Coolkeeragh is key to security and fears over supply have been exaggerated: energy expert
A leading energy security expert believes predictions the lights will go out if a north-south interconnector is not up and running by 2021 have been exaggerated and that Coolkeeragh is critical to the North's electricity security.
Dr. Patrick Keatley, an Ulster University academic specialising in energy storage, made the observation after AES announced it would close two coal fired generators at Kilroot in May.
The US-owned firm opted for the shutdown after bids to sell electricity capacity to the grid from the two units failed in a recent Single Energy Market (SEM) competitve auction.
This sparked fears the North’s energy security could be at risk. SONI, which operates the NIE-owned transmission network, has already warned it may not be able to “keep the lights on” beyond 2021 without a large capacity connection with the South.
Dr. Keatley, however, speaking to the Northern Ireland Affairs Committee (NIAC) was more sanguine, stating: “We have system security in Northern Ireland.”
He pointed out that this energy security is not dependant on AES’s Kilroot coal units and that the company’s other generators in the North, combined with ESB’s gas-fired plant at Coolkeeragh, alongside the latter’s renewable generators, guaranteed supply.
“There is AES Ballylumford and there is Coolkeeragh so we have three power stations and there are the remaining generators at Kilroot, which did succeed in the capacity auction,” said Dr. Keatley. “So that, and the renewable generation, wind generation, we have as well.”
Asked by DUP MP and NIAC member Ian Paisley if warnings over our energy security have been overstated, he said: “My best guess analysis is overall we probably have enough capacity.”

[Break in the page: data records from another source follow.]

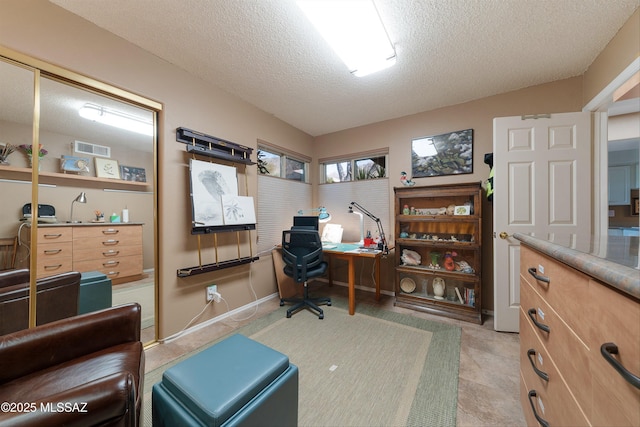 office with visible vents and a textured ceiling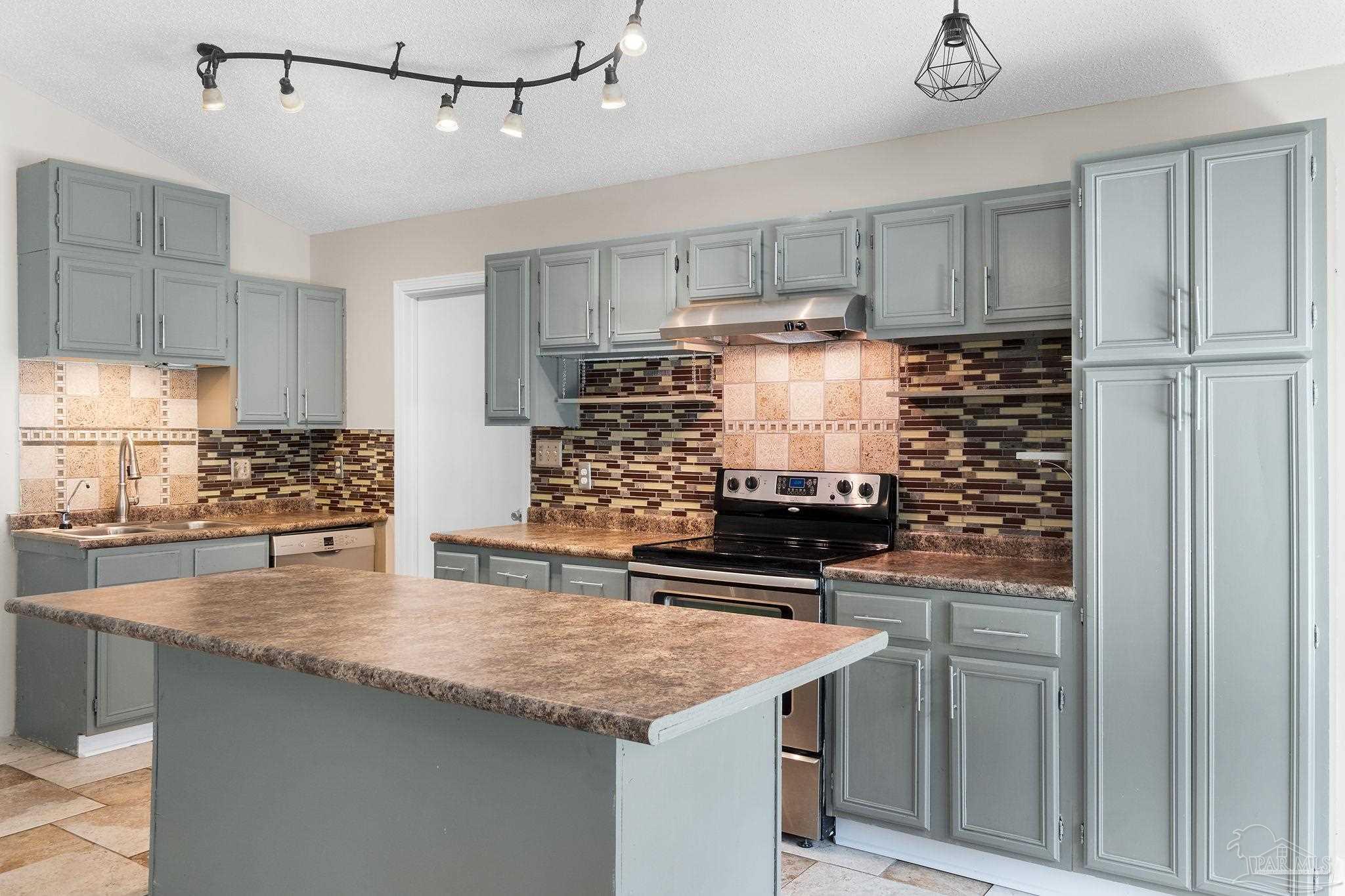 3440 Riverside Drive Pensacola, FL 32514 - Photo 7 of 26 a kitchen with stainless steel appliances granite countertop a sink stove and refrigerator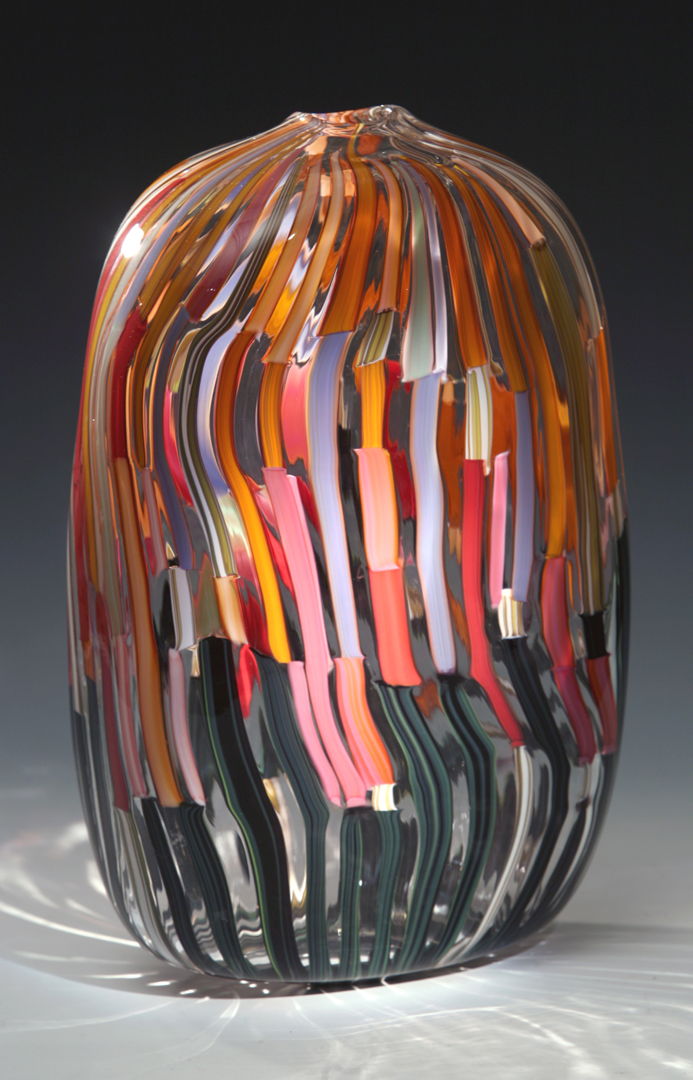 Blown glass form with multicolored cane work arranged in a rising dark to light pattern. This piece is shaped into a rounded rectangular form.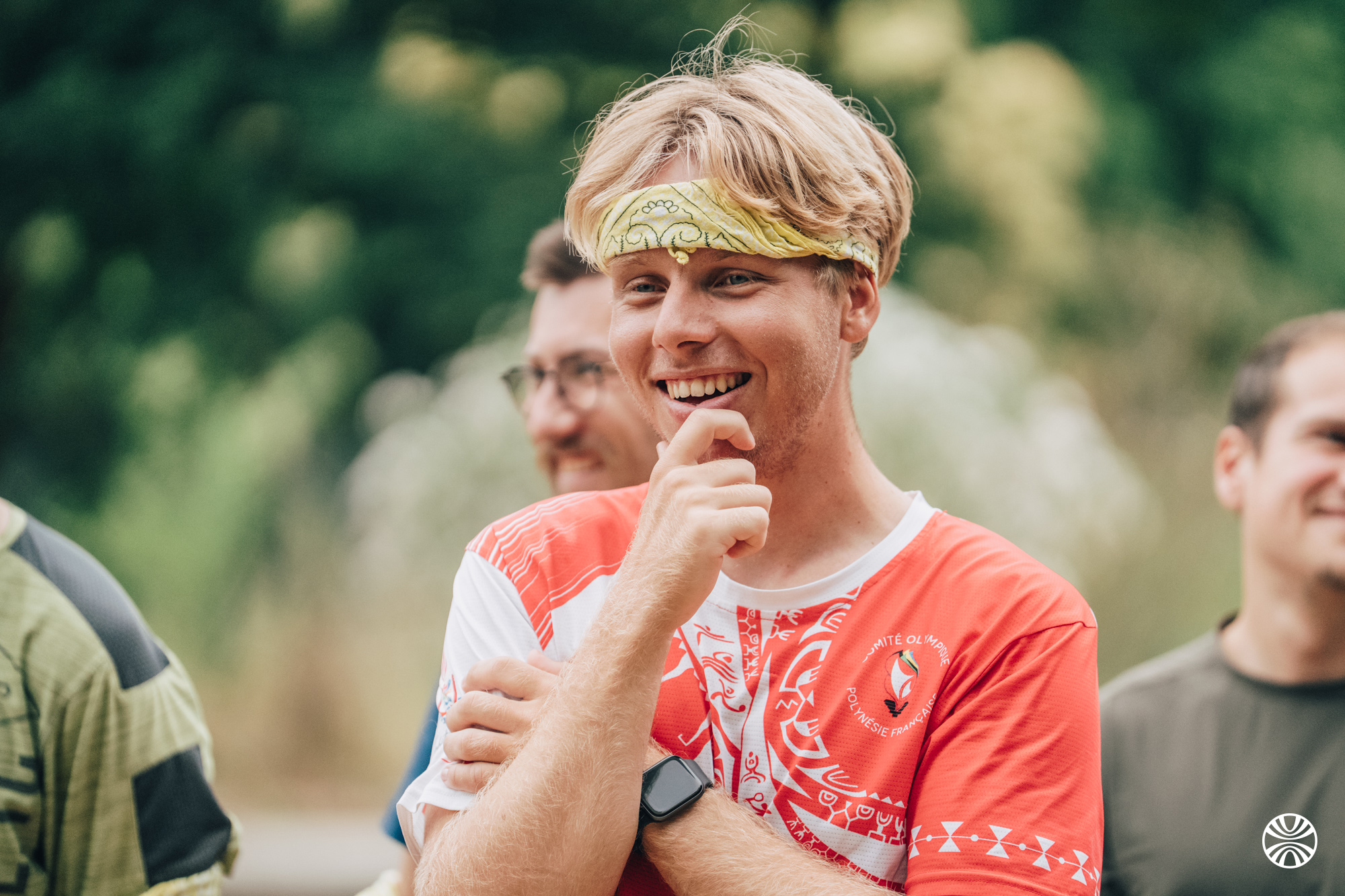 Quatre hommes discutant à l'extérieur dans un environnement verdoyant avec un lac et des collines en arrière-plan.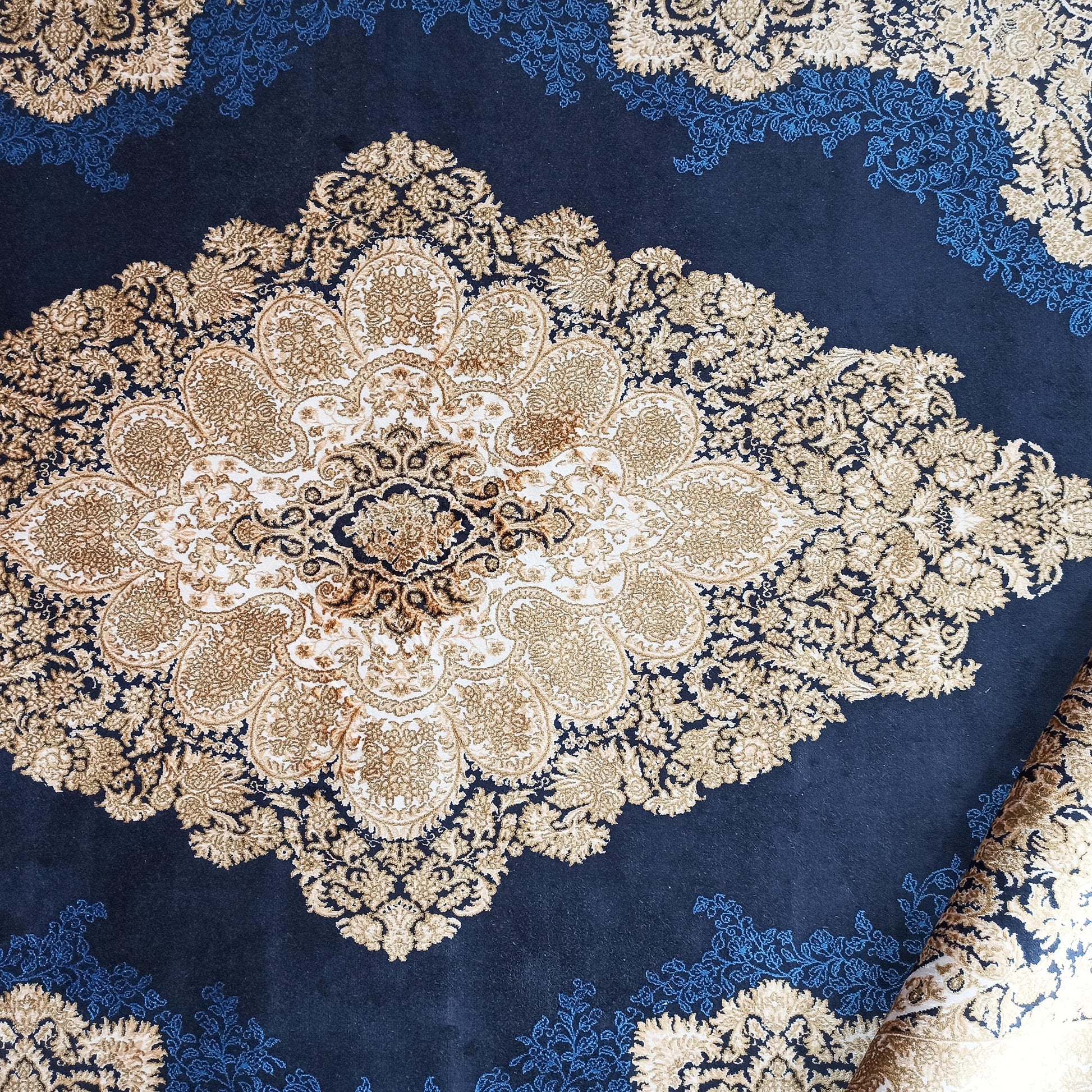 Tapis bleu nuit avec un grand motif médaillon central doré et beige et des arabesques florales bleues claires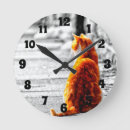 Recherche de chat tigré orange horloges Chats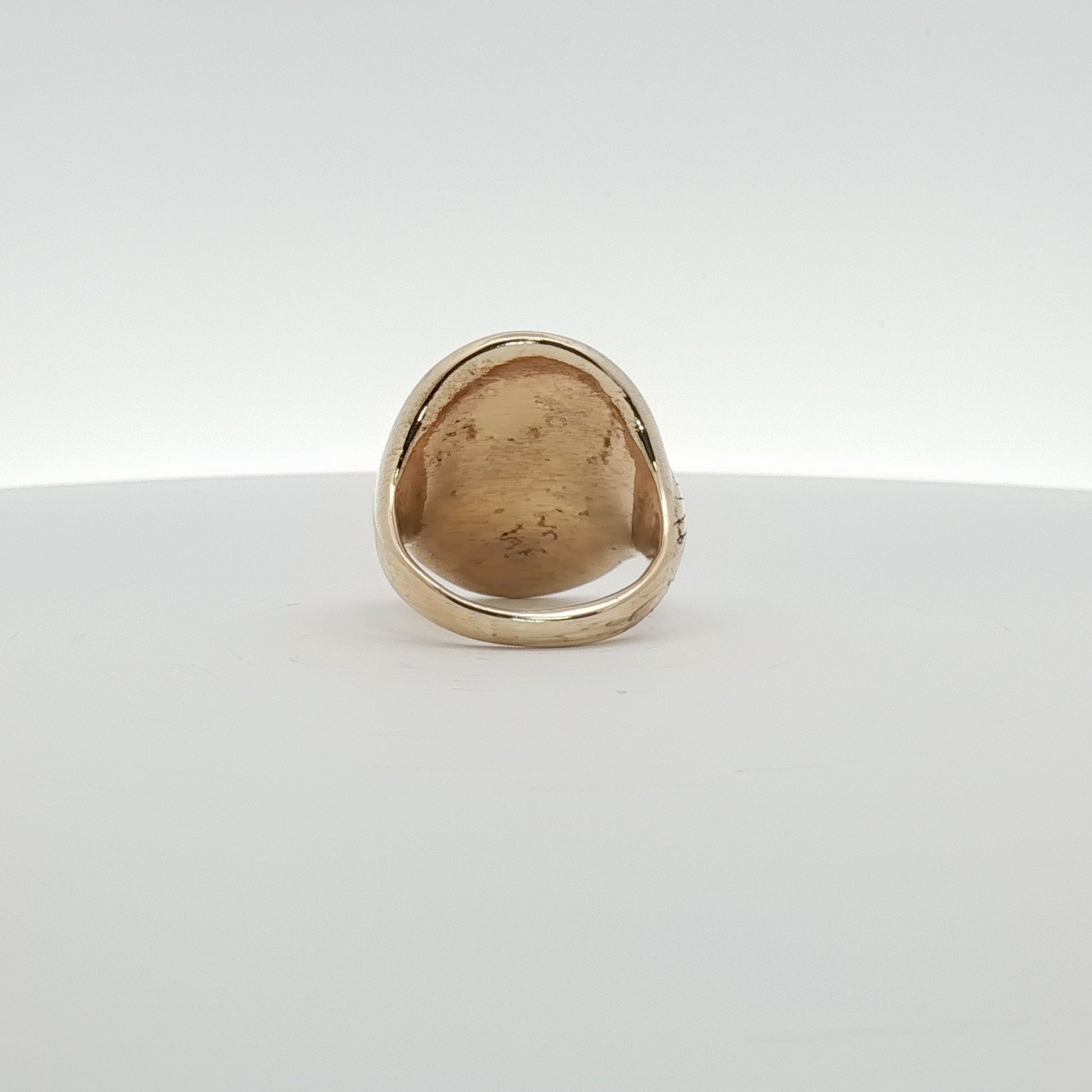 14K yellow gold cross coin ring featuring detailed religious design, crafted by Gold & Beyond, showcasing fine jewelry craftsmanship.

Notwithstanding his relative optimism regarding our short-term energy supply, Dr. Keatley did warn that normal consumers will face higher prices in future if more and more companies and private citizens opt to develop their own off-grid energy solutions.
“Those that can afford to buy them [generators, energy storage] will buy them and the cost to the grid and the remaining part of the system, which is largely fixed, will be spread among a smaller pool of consumers, and the people who can’t afford to have their own distributive smart technologies will be left to pick up the cost of the remaining infrastructure,” he predicted.